To sum up the position as our forbears left it. The woods are extensive, but were planted with no definite aim, and on no system. The chances of trade have made the underwood worthless, and the timber is as a rule not valuable enough when mature to pay first the rent of the land during the many years in which it has been growing, and then to leave a margin to plant fresh woods with.
In addition, the woods are not so pretty as they might be, considering that no sacrifices were made to " business " when planting. They are often monotonous, the trees coarse, the rides extremely bad and ill contrived for beauty—a wood without rides is always a failure alike for picturesqueness and for sport—and frequently they are incredibly neglected. The present writer recently went carefully through three large woods, belonging to as many adjacent properties. In the first a quarter of the trees were spruce, and 60 per cent, of these were dead, but unfelled, while the whole of the coppice below had disappeared, and its place been taken by useless elder. This wood is doomed, for there are no standards to replace the hardwood trees. The next wood was well cared for, with good rides and good coppice. But it did not carry one-third of the timber which it ought to have done. The third, a hundred-acre oak and beech wood belonging to an absentee landlord (a great landowner), was a disgrace to British energy. The rides were overgrown, the wood full of black undrained pools in which rotten leaves were soaking, the place so wet that mud, not turf or flowers, covered the paths, while owing to the poor price of under- wood none had been felled for sixteen years, and the lower levels of the wood were full of straggling knotty bushes. Dark, wet, unwholesome, and neglected, there could be no more melancholy spectacle to a lover of trees and timber, or to those who had seen the sound and beautiful woods of Bowood or of Sheringham, or Lord Leicester's pine-covered sandhills at Holkham.

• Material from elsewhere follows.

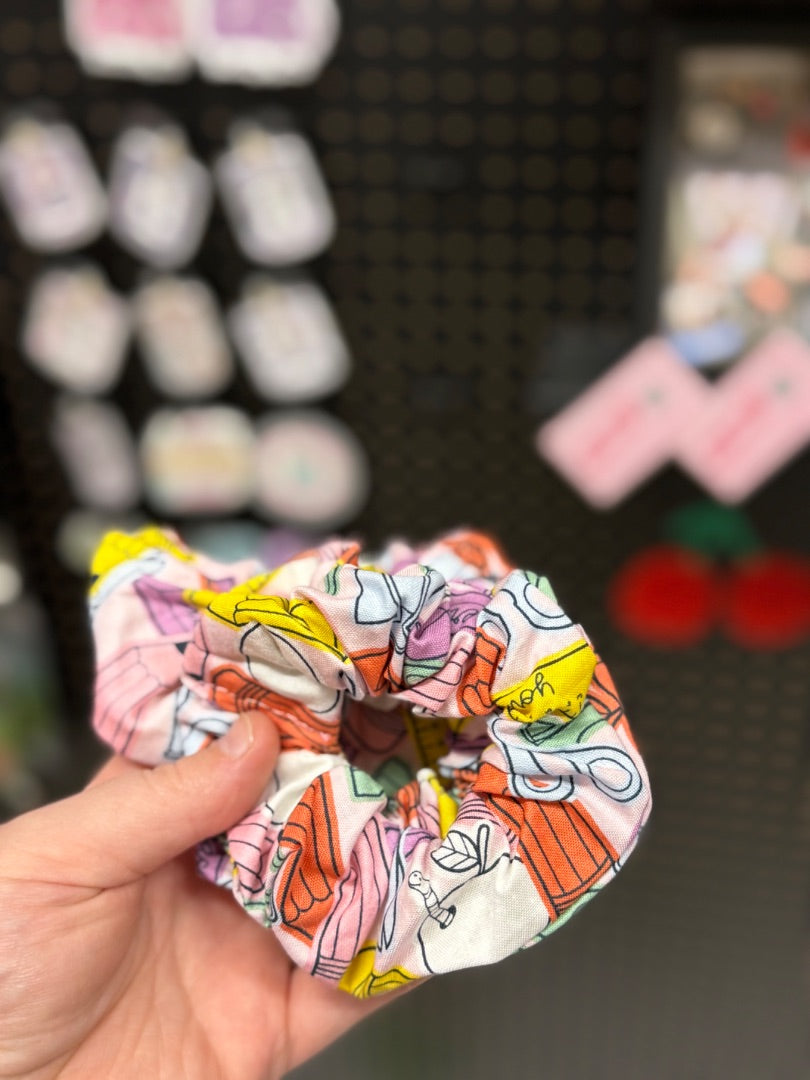 Teacher Scrunchie, Scrunchie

At present there is no great economical inducement to plant good land, though it is held as an axiom that most land which will not let for more that ten shillings an acre is worth planting. But we cannot but question whether the pessimism about woods is not the outcome of want of knowledge, just as the failure to make the most even of the appearance of our woods is due to lack of sense. Where knowledge reigns, as, for instance, on the estate of Mr. William Robinson, the apostle of natural gardening, at Gravetye Manor, in Sussex, the thick and quickly grown new plantations of Anglian pine, the beautiful and healthy cyder orchards, and the old coppice and standard woods, with their miles of carefully made drives, are a concrete example of success in sylviculture, forestry, and landscape gardening on a single property.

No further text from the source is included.